Start of Source data

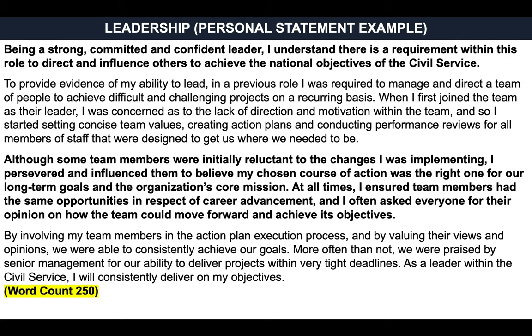Word count: exactly 250 words. That's another great example of demonstrating one of the civil service success profile behaviors — in this case, leadership.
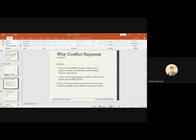How styles interact — there are conflicts that happen because there are three different types of stylesheets: author-created, user-defined, and default browser stylesheets. An author-created stylesheet can define multiple rules for the same HTML elements — font size, font type, font weight, and so on. CSS has helpers for the browser to determine how to display elements when different rules conflict, for example when you've provided a rule in inline, external, and embedded stylesheets.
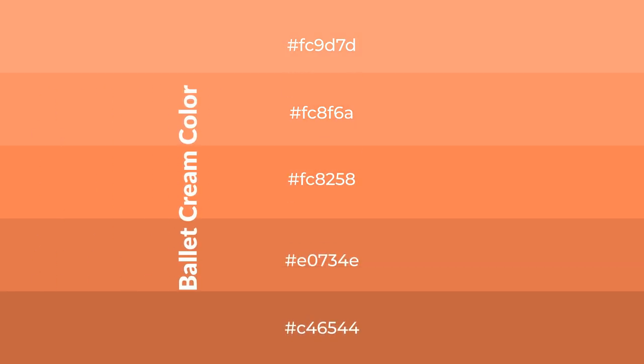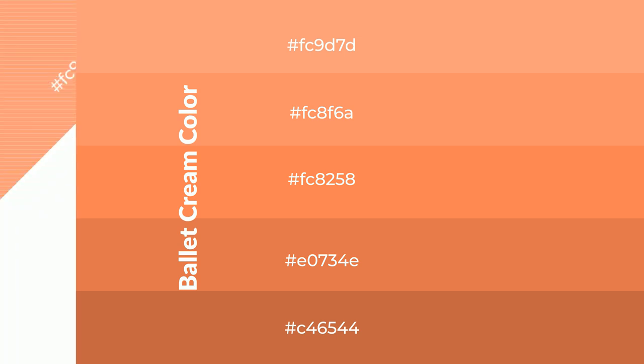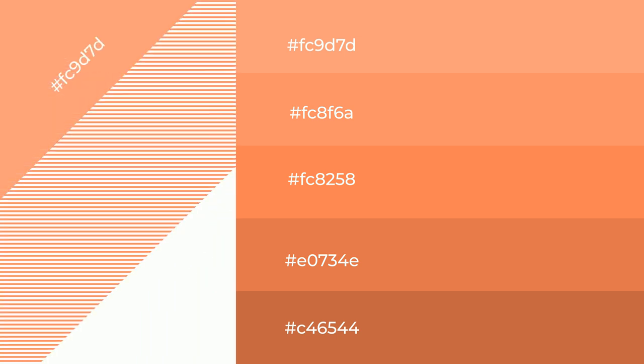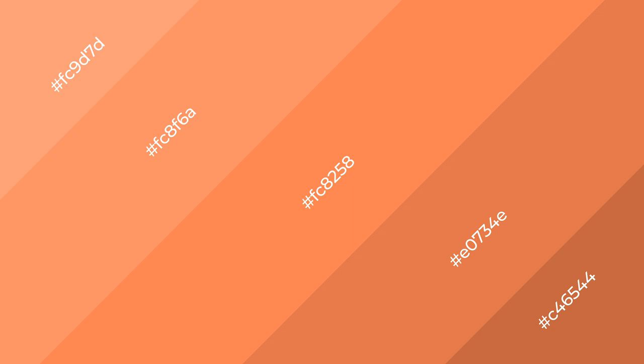To generate shades of a color, we add black to the color, and it is used in patterns, 3D effects, and layers. Shades create depth and drama. Ballet cream is a warm color and it emits cozier and active emotion.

End of Source data

* _Work request_
Go through the material above and print all of it exactly, except the pictures.

* _Response below_
Word count: exactly 250 words. That's another great example of demonstrating one of the civil service success profile behaviors — in this case, leadership.
How styles interact — there are conflicts that happen because there are three different types of stylesheets: author-created, user-defined, and default browser stylesheets. An author-created stylesheet can define multiple rules for the same HTML elements — font size, font type, font weight, and so on. CSS has helpers for the browser to determine how to display elements when different rules conflict, for example when you've provided a rule in inline, external, and embedded stylesheets.
To generate shades of a color, we add black to the color, and it is used in patterns, 3D effects, and layers. Shades create depth and drama. Ballet cream is a warm color and it emits cozier and active emotion.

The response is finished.